Task: From the line containing "παπούτσια με κορδέλα" through the last line, print the records exactly and nothing else.

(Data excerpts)
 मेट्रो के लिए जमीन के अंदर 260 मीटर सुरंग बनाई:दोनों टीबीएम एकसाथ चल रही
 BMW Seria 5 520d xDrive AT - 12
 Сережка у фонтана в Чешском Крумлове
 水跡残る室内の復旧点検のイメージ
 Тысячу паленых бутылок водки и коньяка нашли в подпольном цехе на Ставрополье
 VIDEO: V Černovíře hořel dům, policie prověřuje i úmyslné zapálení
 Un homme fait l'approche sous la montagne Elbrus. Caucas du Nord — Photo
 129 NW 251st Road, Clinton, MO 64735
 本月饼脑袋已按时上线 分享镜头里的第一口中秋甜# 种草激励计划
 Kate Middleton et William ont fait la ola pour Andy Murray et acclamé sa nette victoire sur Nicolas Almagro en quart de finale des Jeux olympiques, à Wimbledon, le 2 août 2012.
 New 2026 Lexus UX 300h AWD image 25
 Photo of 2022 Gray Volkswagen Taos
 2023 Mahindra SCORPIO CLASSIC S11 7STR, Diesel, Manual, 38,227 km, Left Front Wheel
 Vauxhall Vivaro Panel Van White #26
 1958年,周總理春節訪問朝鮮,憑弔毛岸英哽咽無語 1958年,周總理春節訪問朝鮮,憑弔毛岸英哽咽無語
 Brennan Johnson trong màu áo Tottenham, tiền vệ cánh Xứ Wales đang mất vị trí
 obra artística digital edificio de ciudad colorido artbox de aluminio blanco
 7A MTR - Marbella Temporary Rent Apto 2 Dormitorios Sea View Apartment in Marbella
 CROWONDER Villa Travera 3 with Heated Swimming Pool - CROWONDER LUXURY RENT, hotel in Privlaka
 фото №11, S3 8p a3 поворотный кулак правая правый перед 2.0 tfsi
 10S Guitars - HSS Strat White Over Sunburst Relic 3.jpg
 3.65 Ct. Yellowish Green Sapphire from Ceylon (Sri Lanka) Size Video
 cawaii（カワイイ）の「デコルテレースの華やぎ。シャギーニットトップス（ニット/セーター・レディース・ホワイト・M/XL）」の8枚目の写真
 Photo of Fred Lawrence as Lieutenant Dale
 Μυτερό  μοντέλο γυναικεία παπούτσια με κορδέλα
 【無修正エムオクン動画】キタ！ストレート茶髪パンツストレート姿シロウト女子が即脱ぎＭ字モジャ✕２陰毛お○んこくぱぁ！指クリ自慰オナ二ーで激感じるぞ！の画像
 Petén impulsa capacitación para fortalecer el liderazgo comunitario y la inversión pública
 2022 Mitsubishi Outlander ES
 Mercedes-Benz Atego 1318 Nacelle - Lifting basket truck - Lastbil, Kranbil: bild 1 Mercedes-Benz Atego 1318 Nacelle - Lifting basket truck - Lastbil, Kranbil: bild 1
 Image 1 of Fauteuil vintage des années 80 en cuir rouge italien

Reply to the task:
 Μυτερό  μοντέλο γυναικεία παπούτσια με κορδέλα
 【無修正エムオクン動画】キタ！ストレート茶髪パンツストレート姿シロウト女子が即脱ぎＭ字モジャ✕２陰毛お○んこくぱぁ！指クリ自慰オナ二ーで激感じるぞ！の画像
 Petén impulsa capacitación para fortalecer el liderazgo comunitario y la inversión pública
 2022 Mitsubishi Outlander ES
 Mercedes-Benz Atego 1318 Nacelle - Lifting basket truck - Lastbil, Kranbil: bild 1 Mercedes-Benz Atego 1318 Nacelle - Lifting basket truck - Lastbil, Kranbil: bild 1
 Image 1 of Fauteuil vintage des années 80 en cuir rouge italien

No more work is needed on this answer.